Believe it or not, marriage and money don’t always seem to mix well. Couples that have been married for a few years sometimes find themselves arguing heatedly over finances.
“Why did you buy that?”
“Why can’t you be more flexible?”
“We need to care about our future.”
“We need to enjoy the present.”
For some, the arguments seemingly never stop, and both parties eventually find themselves asking, “How did we get here?”
1. Not pursuing oneness in their finances. The Bible teaches us that we are pursue oneness in all areas of our marriage, including finances. In marriage, her money is his money, and his money is her money. It is no longer, “mine” and “yours.” It is “ours,” income, expenses, and all. So where money often divides a marriage, newlyweds should intentionally seek to make finances a point of unity.
2. Not learning their spouse’s money personality. You grew up with little. She grew up with much. We all have past experiences with money (our money story). The combination of our money story and our own, natural personality creates our money personality. In The Marriage Challenge, I identified four money personalities—Spender, Saver, Investor, and Ignorer. Each has their strengths and weaknesses. Learning your spouse’s money personality can help you understand the reasoning behind their view on money and create empathy instead of animosity toward one another.
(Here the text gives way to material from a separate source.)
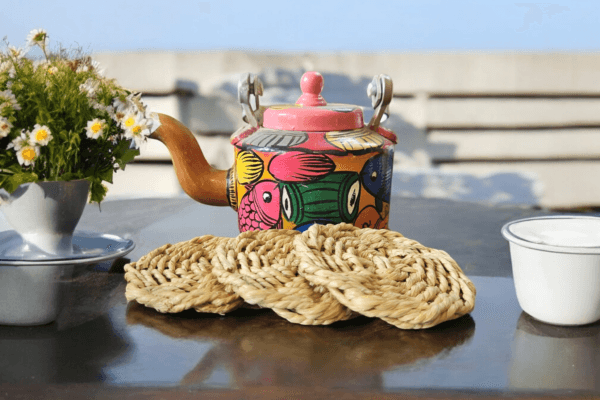 Handwoven Sea Grass Coasters| Set of 4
3. Not setting money goals. If you choose to make finances a point of unity, you must agree on where you are going. What are your money goals? Do you want to increase your generosity? How much should you save? Setting your money goals together can be fun and provides a guide for current and future money decisions.
4. Not creating a budget. How are you going to achieve your money goals? You need a plan. And that’s exactly what a budget is. A budget details how you plan to achieve your goals. As newlyweds, now is the perfect time to start one.
5. Not determining money responsibilities. Who does what? If neither claims responsibility to pay the bills, keep track of the budget, or take care of the taxes, you will end it up in a financial and relational mess. The money in your bank account will decrease and the tension in your young marriage will rise. So take some time and figure out who is tasked with different money responsibilities.
6. Not communicating about money. Many arguments arise due to a lack of communication. This will be true in all areas of your marriage, including money. Talk about purchases. If it looks like you are going to spend more on a particular item, let your spouse know. Keeping each other in the loop reduces unwanted surprises and arguments.
7. Hiding money, purchases, or debt from their spouse. Be transparent. The fallout from hiding money, purchases, or debt from your spouse can be significant. If you haven’t allowed your spouse to see all of your accounts, do it now. The longer you keep these things in the dark, the more significant the outcome will be. From the start of your marriage, be truthful, even when it’s painful to do so.
God has designed your marriage for oneness. So pursue oneness in all areas of the relationship, including finances.